Les designs de la collection de vêtements de Valentino ont été volés par des entreprises de contrefaçon, qui ont reproduit les morceaux et mon travail artistique afin de les vendre en ligne. Aujourd’hui encore, ces entreprises continuent à produire ces articles en masse par l’intermédiaire de boutiques en ligne établies à l’étranger.
Il est facile de créer une boutique en ligne, et il n’y a aucun moyen de savoir dans quels pays ces boutiques sont établies. Au début, je passais beaucoup de temps à écrire aux administrateurs de ces sites Web pour qu’ils retirent mes œuvres d’art pour cause de violation des droits d’auteur, mais dès que je réussissais à faire fermer des pages en faisant des pieds et des mains, trois nouvelles boutiques en ligne étaient créées pour vendre les mêmes produits. C’était comme jouer à ces jeux de foire où l’on frappe sur la tête de taupes avec un marteau. Je n’arrivais pas à suivre le rythme et j’ai abandonné.
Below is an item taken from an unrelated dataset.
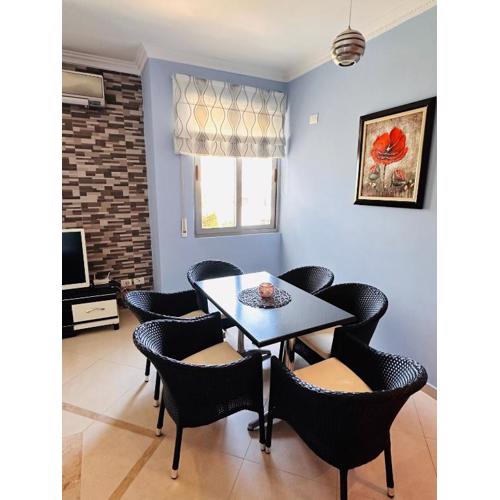 Blue Orchid Apartment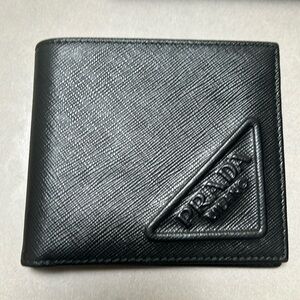 PRADA Saffiano Leather mens bifold wallet like new only used once, with box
Ces entreprises sont sans nom et sans visage. Par conséquent, mon travail est maintenant diffusé dans le monde entier d’une manière qui échappe totalement à mon contrôle.
C’est également le cas de mon art politique et de bannières que j’ai créées pour diverses initiatives de protection de l’eau et des terres. Même si j’ai spécifiquement offert ces œuvres particulières à des « militants et à des initiatives locales pour la protection de la terre et de l’eau », et ce, sans exiger de redevances, il y a eu quelques cas où des gens les ont repris et ont créé des boutiques en ligne pour vendre des t-shirts et des accessoires sur lesquels figuraient mes œuvres, et des personnes en tirent de gros profits. Jusqu’à présent, j’ai été en mesure de faire fermer certaines boutiques en ligne parce qu’elles se trouvaient en Amérique du Nord et que les entreprises retirent elles-mêmes les pages lorsque vous signalez une violation des droits d’auteur.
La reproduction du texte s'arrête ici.